EXERCISE INSTRUCTIONS »
Once you reach the line containing "Piłka plażowa z PVC żółty IT2216-08" in the entries below, write out that line and each one after it down to the line containing "たくぎん　たくちゃん　ソフビ貯金箱　５個　拓銀", exactly and with nothing added.

PROVIDED ENTRIES »
══════════
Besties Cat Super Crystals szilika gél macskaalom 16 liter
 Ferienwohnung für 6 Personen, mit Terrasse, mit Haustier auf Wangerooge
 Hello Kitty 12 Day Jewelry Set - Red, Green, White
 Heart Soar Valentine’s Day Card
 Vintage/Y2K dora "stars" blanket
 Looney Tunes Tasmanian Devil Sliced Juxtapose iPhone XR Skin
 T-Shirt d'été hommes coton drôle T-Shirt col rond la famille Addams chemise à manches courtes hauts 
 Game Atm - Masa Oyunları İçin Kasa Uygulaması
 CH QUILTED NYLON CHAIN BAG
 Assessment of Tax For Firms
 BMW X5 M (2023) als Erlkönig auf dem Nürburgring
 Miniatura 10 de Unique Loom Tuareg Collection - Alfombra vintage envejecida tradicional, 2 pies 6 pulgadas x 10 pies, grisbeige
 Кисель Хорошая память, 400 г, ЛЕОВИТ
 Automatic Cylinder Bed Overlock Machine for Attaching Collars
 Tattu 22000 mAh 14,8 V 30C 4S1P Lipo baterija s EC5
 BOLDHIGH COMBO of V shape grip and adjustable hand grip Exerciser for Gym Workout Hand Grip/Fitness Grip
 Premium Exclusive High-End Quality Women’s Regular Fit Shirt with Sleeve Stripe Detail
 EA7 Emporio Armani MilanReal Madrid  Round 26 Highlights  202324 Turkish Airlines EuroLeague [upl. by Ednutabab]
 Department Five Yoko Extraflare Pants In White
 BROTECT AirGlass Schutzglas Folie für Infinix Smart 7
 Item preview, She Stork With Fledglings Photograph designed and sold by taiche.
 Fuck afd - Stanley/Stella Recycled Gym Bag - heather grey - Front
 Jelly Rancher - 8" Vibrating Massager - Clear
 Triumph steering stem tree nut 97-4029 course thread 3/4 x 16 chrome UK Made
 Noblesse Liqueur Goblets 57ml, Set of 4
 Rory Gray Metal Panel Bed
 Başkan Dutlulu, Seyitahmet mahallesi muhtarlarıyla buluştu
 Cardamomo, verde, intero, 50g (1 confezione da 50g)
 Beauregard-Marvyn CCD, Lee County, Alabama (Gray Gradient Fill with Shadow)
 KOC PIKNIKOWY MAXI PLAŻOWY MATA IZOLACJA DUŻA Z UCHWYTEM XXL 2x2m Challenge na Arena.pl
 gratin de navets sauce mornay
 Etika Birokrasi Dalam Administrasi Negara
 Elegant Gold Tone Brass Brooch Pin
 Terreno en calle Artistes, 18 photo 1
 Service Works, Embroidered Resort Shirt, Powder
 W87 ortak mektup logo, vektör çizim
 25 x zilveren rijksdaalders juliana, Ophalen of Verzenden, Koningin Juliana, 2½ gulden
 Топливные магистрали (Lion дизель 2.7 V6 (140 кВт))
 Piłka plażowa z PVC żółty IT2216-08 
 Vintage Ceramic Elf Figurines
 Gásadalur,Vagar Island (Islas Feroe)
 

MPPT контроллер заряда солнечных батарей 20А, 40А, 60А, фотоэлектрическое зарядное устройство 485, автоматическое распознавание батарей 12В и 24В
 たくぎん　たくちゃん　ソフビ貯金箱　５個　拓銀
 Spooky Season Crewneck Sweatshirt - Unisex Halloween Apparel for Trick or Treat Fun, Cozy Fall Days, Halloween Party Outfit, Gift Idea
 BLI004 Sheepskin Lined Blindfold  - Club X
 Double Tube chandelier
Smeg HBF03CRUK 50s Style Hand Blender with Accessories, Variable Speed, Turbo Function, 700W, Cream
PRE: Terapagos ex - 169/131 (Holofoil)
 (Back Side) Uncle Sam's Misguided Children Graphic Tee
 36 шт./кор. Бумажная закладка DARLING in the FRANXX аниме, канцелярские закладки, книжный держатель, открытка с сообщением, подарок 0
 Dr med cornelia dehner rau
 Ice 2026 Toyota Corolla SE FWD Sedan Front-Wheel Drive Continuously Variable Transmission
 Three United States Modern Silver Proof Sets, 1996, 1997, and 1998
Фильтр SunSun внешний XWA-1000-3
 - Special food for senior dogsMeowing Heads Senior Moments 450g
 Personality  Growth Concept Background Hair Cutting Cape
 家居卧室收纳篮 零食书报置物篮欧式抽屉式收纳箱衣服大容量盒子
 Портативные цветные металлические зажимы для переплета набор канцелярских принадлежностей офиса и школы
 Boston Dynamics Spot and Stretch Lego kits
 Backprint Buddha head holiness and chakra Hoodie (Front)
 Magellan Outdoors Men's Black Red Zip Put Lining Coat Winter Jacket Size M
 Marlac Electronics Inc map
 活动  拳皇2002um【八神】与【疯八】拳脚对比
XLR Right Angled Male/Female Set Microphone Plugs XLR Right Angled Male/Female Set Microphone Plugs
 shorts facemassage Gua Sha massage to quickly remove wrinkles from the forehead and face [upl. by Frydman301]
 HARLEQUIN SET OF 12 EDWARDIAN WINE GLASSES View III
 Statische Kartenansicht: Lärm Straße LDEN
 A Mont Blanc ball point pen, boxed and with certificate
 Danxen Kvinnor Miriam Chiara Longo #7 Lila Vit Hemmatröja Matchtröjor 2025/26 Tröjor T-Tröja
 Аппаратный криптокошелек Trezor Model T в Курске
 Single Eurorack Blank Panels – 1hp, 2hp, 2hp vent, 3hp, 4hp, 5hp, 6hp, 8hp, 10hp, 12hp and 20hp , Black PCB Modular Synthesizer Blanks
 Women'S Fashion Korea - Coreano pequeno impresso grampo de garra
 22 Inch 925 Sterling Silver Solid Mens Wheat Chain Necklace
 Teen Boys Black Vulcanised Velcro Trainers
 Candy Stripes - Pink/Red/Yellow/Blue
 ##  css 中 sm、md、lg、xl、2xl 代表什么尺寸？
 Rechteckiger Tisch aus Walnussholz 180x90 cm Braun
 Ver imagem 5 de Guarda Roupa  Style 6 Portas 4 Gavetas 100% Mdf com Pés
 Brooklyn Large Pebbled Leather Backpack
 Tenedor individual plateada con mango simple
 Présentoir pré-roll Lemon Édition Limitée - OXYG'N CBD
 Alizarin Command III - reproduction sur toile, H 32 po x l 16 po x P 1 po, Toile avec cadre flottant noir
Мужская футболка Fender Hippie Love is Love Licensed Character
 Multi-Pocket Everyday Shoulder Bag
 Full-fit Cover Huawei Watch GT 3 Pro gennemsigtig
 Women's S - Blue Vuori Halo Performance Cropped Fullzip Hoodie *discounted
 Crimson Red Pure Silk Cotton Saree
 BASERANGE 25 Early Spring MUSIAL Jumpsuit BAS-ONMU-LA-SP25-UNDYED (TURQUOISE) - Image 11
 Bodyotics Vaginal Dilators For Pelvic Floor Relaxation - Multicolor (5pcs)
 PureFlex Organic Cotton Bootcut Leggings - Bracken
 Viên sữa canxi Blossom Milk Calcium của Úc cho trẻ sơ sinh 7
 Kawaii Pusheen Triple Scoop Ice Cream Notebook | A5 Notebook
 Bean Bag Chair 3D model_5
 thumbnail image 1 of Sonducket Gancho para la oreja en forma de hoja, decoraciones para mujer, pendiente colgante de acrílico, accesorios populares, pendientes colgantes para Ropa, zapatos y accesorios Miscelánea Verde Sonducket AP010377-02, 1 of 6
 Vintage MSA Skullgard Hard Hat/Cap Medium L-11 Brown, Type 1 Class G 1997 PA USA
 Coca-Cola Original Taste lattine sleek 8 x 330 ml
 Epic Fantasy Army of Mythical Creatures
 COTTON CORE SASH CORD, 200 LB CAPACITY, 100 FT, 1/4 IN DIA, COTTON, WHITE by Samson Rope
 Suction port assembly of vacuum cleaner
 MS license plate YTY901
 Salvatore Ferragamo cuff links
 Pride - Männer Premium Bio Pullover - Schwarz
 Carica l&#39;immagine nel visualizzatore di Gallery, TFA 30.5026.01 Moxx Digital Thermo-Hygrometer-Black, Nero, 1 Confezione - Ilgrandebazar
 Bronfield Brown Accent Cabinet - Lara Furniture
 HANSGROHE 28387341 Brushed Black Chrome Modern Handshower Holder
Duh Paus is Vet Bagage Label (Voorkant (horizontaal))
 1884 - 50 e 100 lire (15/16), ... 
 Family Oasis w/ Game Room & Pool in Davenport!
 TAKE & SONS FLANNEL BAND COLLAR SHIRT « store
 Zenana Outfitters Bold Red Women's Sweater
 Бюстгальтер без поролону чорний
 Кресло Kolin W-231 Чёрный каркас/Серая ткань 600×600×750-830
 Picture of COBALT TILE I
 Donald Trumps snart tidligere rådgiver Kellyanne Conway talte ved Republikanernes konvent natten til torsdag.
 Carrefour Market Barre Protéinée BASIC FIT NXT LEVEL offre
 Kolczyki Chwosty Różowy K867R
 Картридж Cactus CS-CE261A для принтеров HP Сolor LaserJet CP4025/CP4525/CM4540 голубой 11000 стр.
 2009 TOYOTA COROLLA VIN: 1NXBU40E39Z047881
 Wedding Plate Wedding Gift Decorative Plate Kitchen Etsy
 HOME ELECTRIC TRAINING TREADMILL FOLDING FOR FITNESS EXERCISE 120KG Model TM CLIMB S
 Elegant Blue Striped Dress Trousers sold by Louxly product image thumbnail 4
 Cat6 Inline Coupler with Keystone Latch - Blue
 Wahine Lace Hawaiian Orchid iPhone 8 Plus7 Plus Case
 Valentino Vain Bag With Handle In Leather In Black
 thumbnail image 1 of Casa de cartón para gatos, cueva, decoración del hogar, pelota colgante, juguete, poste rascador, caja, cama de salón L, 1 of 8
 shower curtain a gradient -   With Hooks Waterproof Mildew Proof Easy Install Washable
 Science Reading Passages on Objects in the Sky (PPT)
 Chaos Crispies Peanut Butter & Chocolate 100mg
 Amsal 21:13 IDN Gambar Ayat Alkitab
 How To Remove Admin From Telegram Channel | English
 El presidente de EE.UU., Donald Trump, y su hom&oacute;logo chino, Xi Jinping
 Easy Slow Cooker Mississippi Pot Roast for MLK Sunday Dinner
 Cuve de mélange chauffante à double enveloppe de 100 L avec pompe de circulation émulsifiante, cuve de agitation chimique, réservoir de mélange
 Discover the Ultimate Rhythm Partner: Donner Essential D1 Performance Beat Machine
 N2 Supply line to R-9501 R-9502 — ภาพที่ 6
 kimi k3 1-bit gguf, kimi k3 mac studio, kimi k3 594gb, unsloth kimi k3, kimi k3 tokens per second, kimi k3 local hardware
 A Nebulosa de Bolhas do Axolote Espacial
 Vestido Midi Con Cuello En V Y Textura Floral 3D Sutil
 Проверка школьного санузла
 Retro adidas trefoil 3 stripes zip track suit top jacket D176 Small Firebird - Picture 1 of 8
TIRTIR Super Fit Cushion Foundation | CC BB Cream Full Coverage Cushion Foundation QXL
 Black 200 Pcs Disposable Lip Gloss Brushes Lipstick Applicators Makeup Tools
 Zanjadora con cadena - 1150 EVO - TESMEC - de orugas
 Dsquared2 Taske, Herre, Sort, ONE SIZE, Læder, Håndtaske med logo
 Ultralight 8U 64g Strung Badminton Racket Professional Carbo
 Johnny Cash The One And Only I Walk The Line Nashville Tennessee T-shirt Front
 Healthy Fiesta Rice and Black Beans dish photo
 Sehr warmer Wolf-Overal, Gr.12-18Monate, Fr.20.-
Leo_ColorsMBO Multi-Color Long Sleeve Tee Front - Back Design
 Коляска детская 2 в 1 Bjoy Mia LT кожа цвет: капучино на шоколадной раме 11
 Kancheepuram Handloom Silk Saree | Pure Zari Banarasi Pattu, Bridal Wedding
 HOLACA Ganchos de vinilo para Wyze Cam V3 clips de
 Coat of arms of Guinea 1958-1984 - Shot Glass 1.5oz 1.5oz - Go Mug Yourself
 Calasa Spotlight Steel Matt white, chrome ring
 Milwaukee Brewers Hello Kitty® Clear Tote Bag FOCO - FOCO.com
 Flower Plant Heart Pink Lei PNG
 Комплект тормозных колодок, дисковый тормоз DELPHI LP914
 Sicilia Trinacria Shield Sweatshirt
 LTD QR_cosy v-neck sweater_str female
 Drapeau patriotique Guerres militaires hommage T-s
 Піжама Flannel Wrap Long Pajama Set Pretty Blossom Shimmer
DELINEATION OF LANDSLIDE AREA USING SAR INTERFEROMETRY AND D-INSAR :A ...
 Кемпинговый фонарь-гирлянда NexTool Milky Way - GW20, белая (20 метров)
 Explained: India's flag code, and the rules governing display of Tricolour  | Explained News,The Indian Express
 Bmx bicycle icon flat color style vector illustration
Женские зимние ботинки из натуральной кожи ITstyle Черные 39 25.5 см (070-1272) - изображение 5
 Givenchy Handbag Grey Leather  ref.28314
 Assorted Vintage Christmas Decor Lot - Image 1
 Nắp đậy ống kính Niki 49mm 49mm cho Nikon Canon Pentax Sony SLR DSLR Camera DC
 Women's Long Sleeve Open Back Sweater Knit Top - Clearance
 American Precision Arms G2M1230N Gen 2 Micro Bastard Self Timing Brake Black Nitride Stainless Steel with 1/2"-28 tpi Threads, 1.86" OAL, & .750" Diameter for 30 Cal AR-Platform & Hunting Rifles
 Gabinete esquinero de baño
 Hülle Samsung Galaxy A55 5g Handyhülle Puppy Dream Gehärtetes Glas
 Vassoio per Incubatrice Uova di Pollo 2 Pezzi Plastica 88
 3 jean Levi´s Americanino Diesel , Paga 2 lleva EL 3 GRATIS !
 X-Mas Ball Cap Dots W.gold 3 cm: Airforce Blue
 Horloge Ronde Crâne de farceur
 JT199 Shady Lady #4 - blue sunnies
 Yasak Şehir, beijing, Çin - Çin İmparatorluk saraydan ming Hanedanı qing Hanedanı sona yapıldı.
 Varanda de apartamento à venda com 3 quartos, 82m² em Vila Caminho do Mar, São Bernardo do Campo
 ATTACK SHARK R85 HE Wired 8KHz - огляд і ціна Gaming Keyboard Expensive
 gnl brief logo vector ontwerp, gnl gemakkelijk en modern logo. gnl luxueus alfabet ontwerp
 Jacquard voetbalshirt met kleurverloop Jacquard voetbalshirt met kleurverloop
══════════
WRITTEN REPLY »
 Piłka plażowa z PVC żółty IT2216-08 
 Vintage Ceramic Elf Figurines
 Gásadalur,Vagar Island (Islas Feroe)
 

MPPT контроллер заряда солнечных батарей 20А, 40А, 60А, фотоэлектрическое зарядное устройство 485, автоматическое распознавание батарей 12В и 24В
 たくぎん　たくちゃん　ソフビ貯金箱　５個　拓銀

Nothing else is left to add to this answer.